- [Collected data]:
■ ■ ■ ■
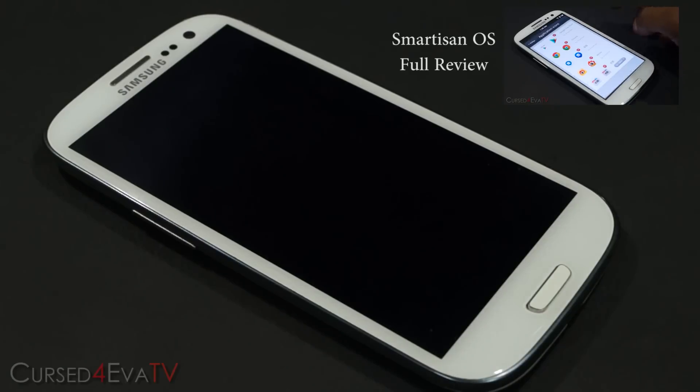Hey guys, Ash here from CurseForge.com and in this video we're going to be taking a look at how to flash the Smartison OS custom ROM onto your Galaxy S3 i9300.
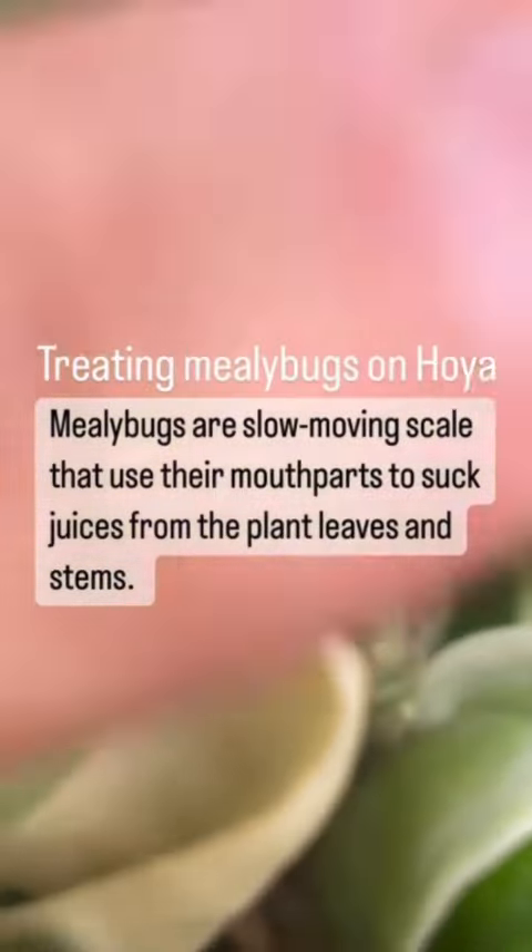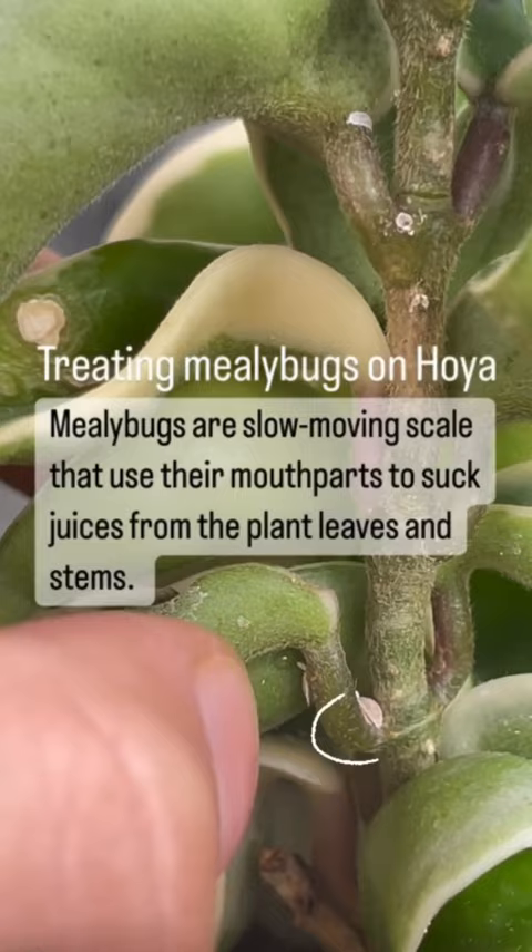Today I'm going to be showing you how to treat mealybugs on your Hoya. A few things you're going to need to get started are Q-tips and rubbing alcohol, neem oil, and dish soap.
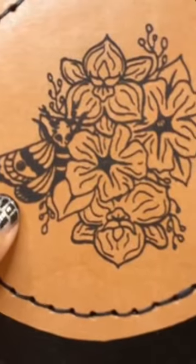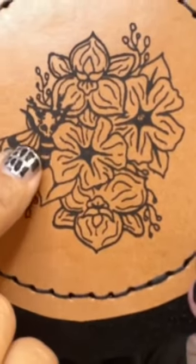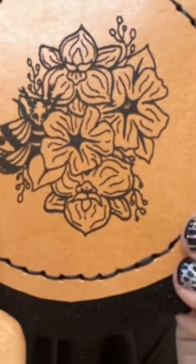There's three of those, and then there's this design here, which is a really fun death moth. You can see the little skull on the back in a floral bouquet. She has three of those as well.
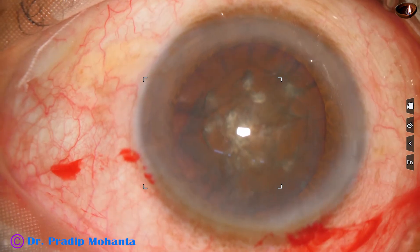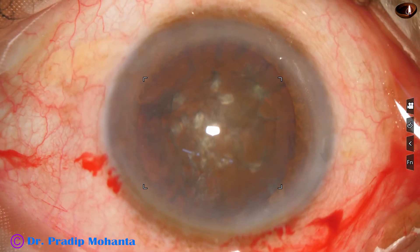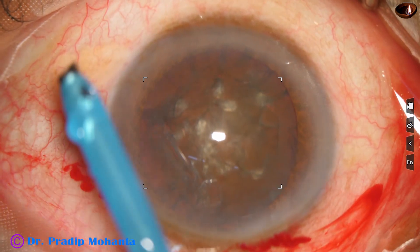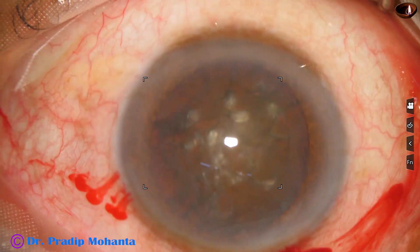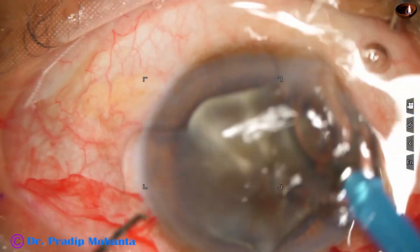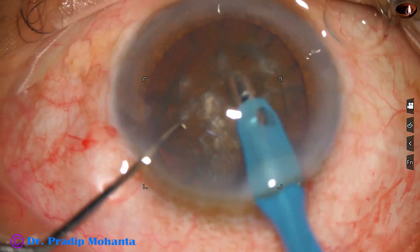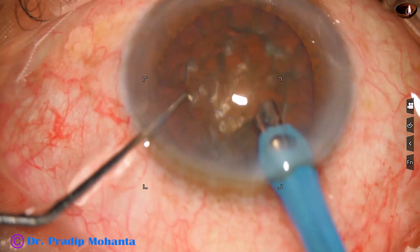And now I take 2 hooks and rotate the nucleus. I am going to employ my submarine chop technique to divide this nucleus into 2 hemi-nuclei. In submarine chop we expose the tip a little more and bury the tip just in front of the main incision into the substance of the nucleus, then go through the nucleus towards the opposite equator. Some superficial cortical lens matter is removed to improve visibility.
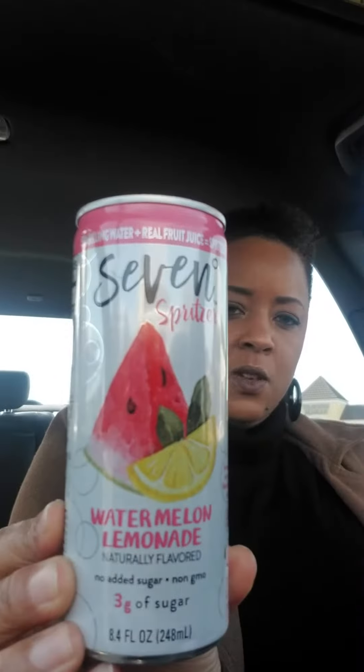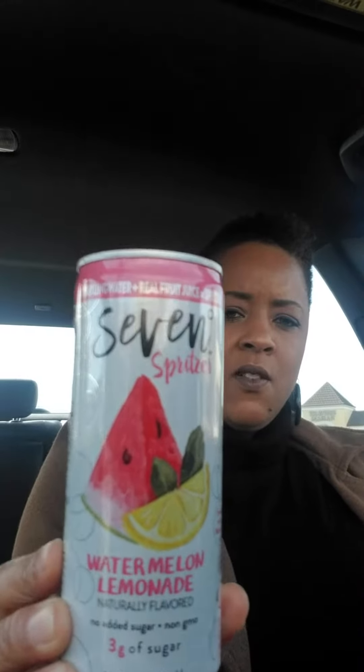Hello everyone. I am sitting in my car. I'm about to try this sparkling water plus fruit juice that I bought yesterday at the Dollar Tree. They're called Seven Spritzers. It was a case at the Dollar Tree for $1. I really don't know how many were in the case, but I said, hey, let's give it a try.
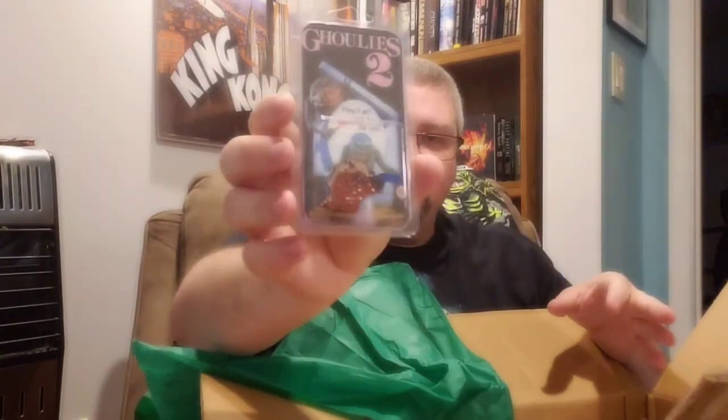Here is the — here we go. Ghoulies 2 with the Cat Ghoulie enamel pin. That's frickin' cool.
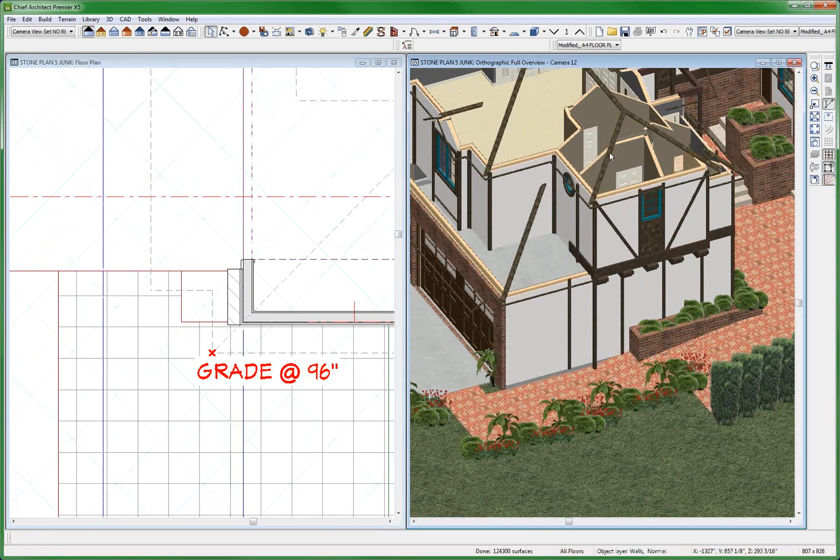Anyway, bottom line — I think the key for me is probably going back to all my interior walls and adding a second layer on each side, for that very situation. That's done.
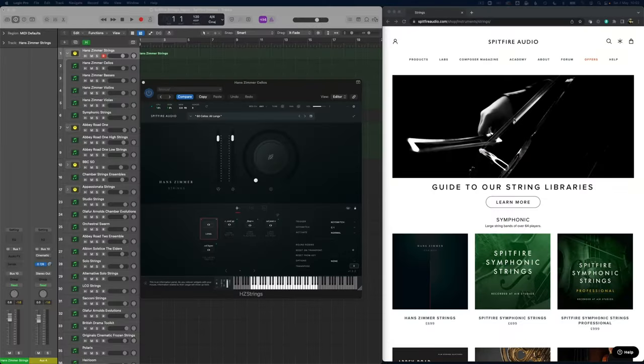This won't be an in-depth review of any of the libraries but more just a way to compare the different characters, inspiration and sounds the different libraries have. There are chapter markers below if you want to skip around, so let's get back to the studio and explore the libraries. I'm going to go through the strings page on the Spitfire Audio website and go through the different strings libraries in that order.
■ ■ ■ ■
Retype the data above exactly, dropping every picture.

Hey guys, Ash here from CurseForge.com and in this video we're going to be taking a look at how to flash the Smartison OS custom ROM onto your Galaxy S3 i9300.
Today I'm going to be showing you how to treat mealybugs on your Hoya. A few things you're going to need to get started are Q-tips and rubbing alcohol, neem oil, and dish soap.
There's three of those, and then there's this design here, which is a really fun death moth. You can see the little skull on the back in a floral bouquet. She has three of those as well.
And now I take 2 hooks and rotate the nucleus. I am going to employ my submarine chop technique to divide this nucleus into 2 hemi-nuclei. In submarine chop we expose the tip a little more and bury the tip just in front of the main incision into the substance of the nucleus, then go through the nucleus towards the opposite equator. Some superficial cortical lens matter is removed to improve visibility.
Hello everyone. I am sitting in my car. I'm about to try this sparkling water plus fruit juice that I bought yesterday at the Dollar Tree. They're called Seven Spritzers. It was a case at the Dollar Tree for $1. I really don't know how many were in the case, but I said, hey, let's give it a try.
Here is the — here we go. Ghoulies 2 with the Cat Ghoulie enamel pin. That's frickin' cool.
Anyway, bottom line — I think the key for me is probably going back to all my interior walls and adding a second layer on each side, for that very situation. That's done.
This won't be an in-depth review of any of the libraries but more just a way to compare the different characters, inspiration and sounds the different libraries have. There are chapter markers below if you want to skip around, so let's get back to the studio and explore the libraries. I'm going to go through the strings page on the Spitfire Audio website and go through the different strings libraries in that order.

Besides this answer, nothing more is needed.